Well there are at least two of us that feel that way.


----------



## TimV (Jun 29, 2010)

Or maybe it's our modern American Hollywood/Dipsy view of the Jews that's warped and not Luther's.


----------



## Staphlobob (Jun 29, 2010)

Joshua said:


> Backwoods Presbyterian said:
> 
> 
> > Joshua said:
> ...




And still more.

---------- Post added at 05:35 AM ---------- Previous post was at 05:34 AM ----------




TimV said:


> Or maybe it's our modern American Hollywood/Dipsy view of the Jews that's warped and not Luther's.



Luther's anti-Jewishness is often wrongly confused with anti-semitism.


----------



## SolaScriptura (Jun 29, 2010)

TimV said:


> Or maybe it's our modern American Hollywood/Dipsy view of the Jews that's warped and not Luther's.


 
So they SHOULD be driven out of our towns and their synagogues and homes burnt down?


----------



## Scott1 (Jun 29, 2010)

PuritanSchmidt said:


> Please do not tar and feather me for asking this, but I want to because I do not want to idolize or even over esteem this specific theologian.
> 
> I am a Calvinist and probably always will be, however I do want to know if there is an ugly side to Calvin. For example, Martin Luther had a very ungodly hatred for the Jews. I still admire Luther and his contribution, but it helps show me that he is still human.


 
What's amazed me is how "good" Mr. Calvin seems to have been. He had a few peculiar beliefs (e.g. perhaps believed in the perpetual virginity of Mary) but here's the greatest theologian of all time.

In a fallen world, where idolatry is perhaps the most basic sin (putting something God has created in place of Him, whether that be a person, idea, intellect, a sin, etc.) we ought not be so surprised when we see it. Nor ignore how it is in ourselves. Also, we are commanded to try and hold others in a good light, especially those in the household of faith- not overlooking their sin, yet understanding our lack in assessing it, and being charitable in our esteem (Ninth Commandment).


----------



## Montanablue (Jun 29, 2010)

> If I had to baptize a Jew, I would take him to the bridge of the Elbe, hang a stone round his neck and push him over with the words I baptize thee in the name of Abraham




From Grisiar's "Luther," - a well documented quote. And others are all over the place, just read Luther's "On Jews and their Lies"

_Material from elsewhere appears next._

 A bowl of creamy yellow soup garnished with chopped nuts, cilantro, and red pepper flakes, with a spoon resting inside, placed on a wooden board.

Seriously, Tim? I'm not one to demonize Luther. Like I said, he was a sinner just like myself and a man of his times. But I would hope we would acknowledge that this is not a biblical view.


----------



## TimV (Jun 29, 2010)

> Seriously, Tim? I'm not one to demonize Luther. Like I said, he was a sinner just like myself and a man of his times. But I would hope we would acknowledge that this is not a biblical view.



And when he said that Saxons were the most honest of Germans because they are the dumbest? Do we take that as it stands, or was it just Luther being Luther? And the point still stands that our contemporary view of Jews may very well be just as far off as Luther's. By definition we're partially blind to our environment. Just this week there was a post about negative Arab influence on America, and everyone thought it natural. And if someone posted figures showing Jewish crime rates higher than Arab crime rates (insider trading, smuggling, money laundering, espionage, etc...) that natural dislike of Arabs would still be there. 

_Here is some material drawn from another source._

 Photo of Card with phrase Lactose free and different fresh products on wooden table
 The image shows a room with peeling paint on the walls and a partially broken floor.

I think one has to spend some significant number of years time out of this country to see things more clearly. Kathleen, I would be interested in your opinon of what Billy Graham said to President Nixon about the Jewish influence on American culture, and how it related to Luther's thoughts.


----------



## itsreed (Jun 29, 2010)

No disrespect intended, but I think the original post of this thread is off focus.

What is being described of Luther, Calvin, etc., is not a dark-side that is an essential characteristice to Calvinism. It is rather a characteristice of the flesh, something shared by all regardless of doctrinal/religious persuasion.


----------



## Peairtach (Jun 29, 2010)

No one's perfect. 

If you want perfect Reformers go and find some; you'll have a hard time.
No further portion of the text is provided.